En effet, les milieux dans lesquels nous découplons ordinairement sont souvent boisés, assez fermés et vallonnés. Dans ce contexte nous ne pouvons qu’accompagner de loin la meute et avons rarement la possibilité d’être rapidement présents aux défauts. Ces biotopes nécessitent donc de disposer de chiens créancés, gorgés et requérants car devant être capables de travailler une difficulté sans l’aide de l’homme. Par nécessité mais aussi par goût, nous attendons de nos chiens qu’ils rapprochent, lancent, mènent et relèvent seuls les facéties du lièvre de chasse. Ainsi, nous laissons les chiens rapprocher plutôt que de fouler le terrain pour faire partir un lièvre. Les assez faibles densités d’animaux nous imposent, d’ailleurs, de devoir trouver le capucin par la voie ; toute autre méthode étant vouée à l’échec. Lors de la menée nous nous contentons d’encadrer la meute en intervenant le moins possible et sans tirer les chiens aux vues, bien que ces dernières soient systématiquement sonnées. Nous attendons de nos chiens qu’ils travaillent seuls les défauts, le conducteur n’intervenant que très parcimonieusement et le moins fréquemment possible. Le rappel des chiens à la vue d’un lièvre ne se fait qu’en cas de grande difficulté, lorsque la meute est en échec et la chasse compromise.
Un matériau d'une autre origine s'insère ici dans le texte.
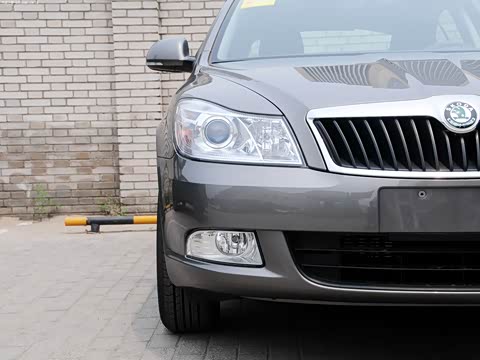 2013�� 1.6L �ֶ����°�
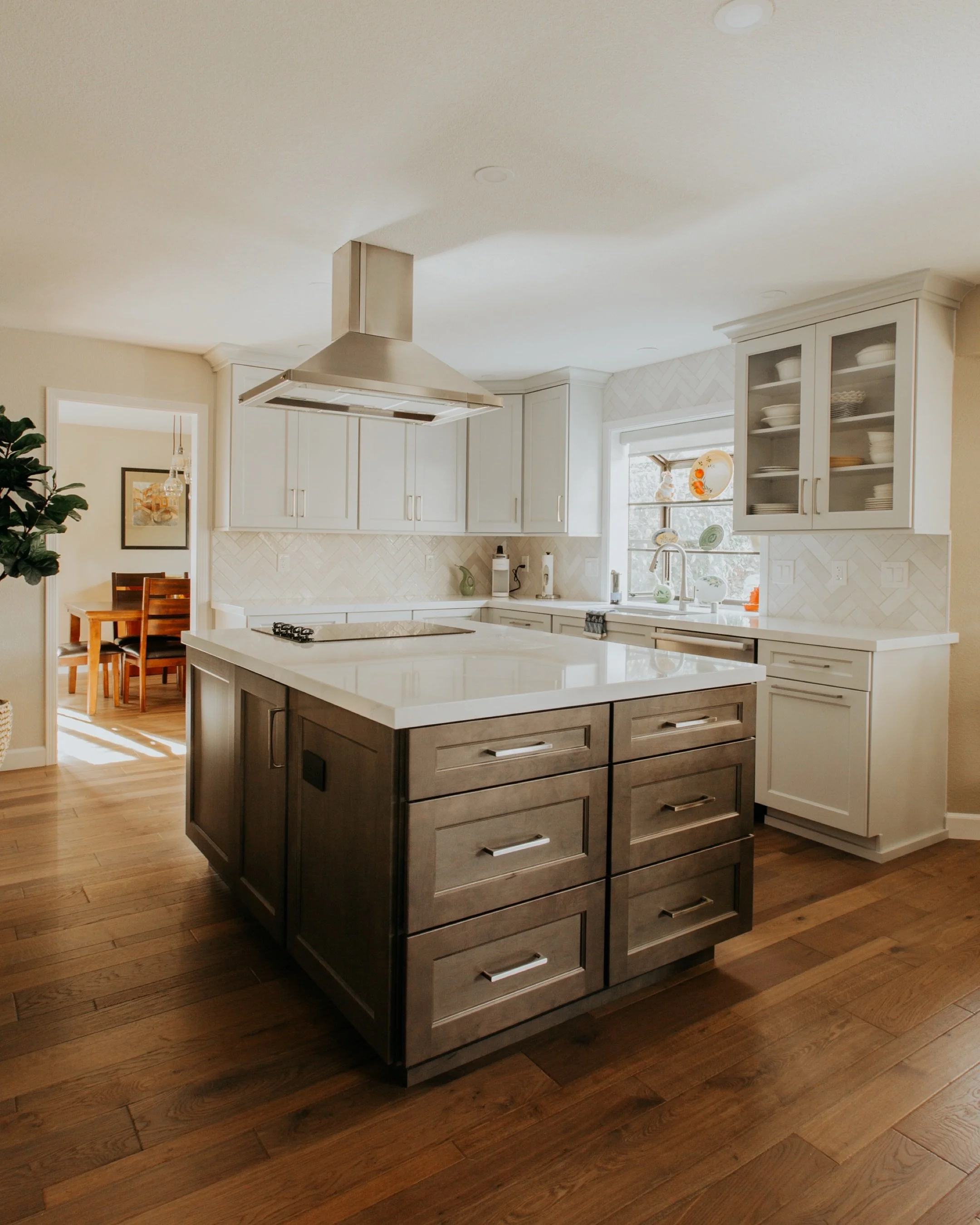 Home should feel warm and comfortable, but also light and inviting. This Benicia kitchen nails just that! It&rsquo;s asking for many prepped meals and hosting loved ones with room to spare.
Le choix de chiens français explique probablement le faible nombre de prises réalisées par notre équipage. En effet notre meute ne prend que quelques lièvres chaque année alors que nous effectuons plus de soixante découplés par saison. Pour autant il nous semble préférable de maintenir ce type de chassé, trouvant un réel plaisir au travail des chiens.

Sans être très vites nos chiens le sont assez pour prétendre forcer un lièvre de temps à autre. Lorsque cela se produit leur manque relatif de train est alors compensé par leur ténacité et leur capacité à maintenir leur animal suffisamment longtemps. Par bonne voie, leur vitesse permet à un homme en bonne condition physique de suivre en courant. Si le rythme de chasse devait progresser (ce qui ne correspond pas à notre objectif d’élevage) nous ne pourrions plus accompagner la meute à pied. Cela manquerait singulièrement d’attrait.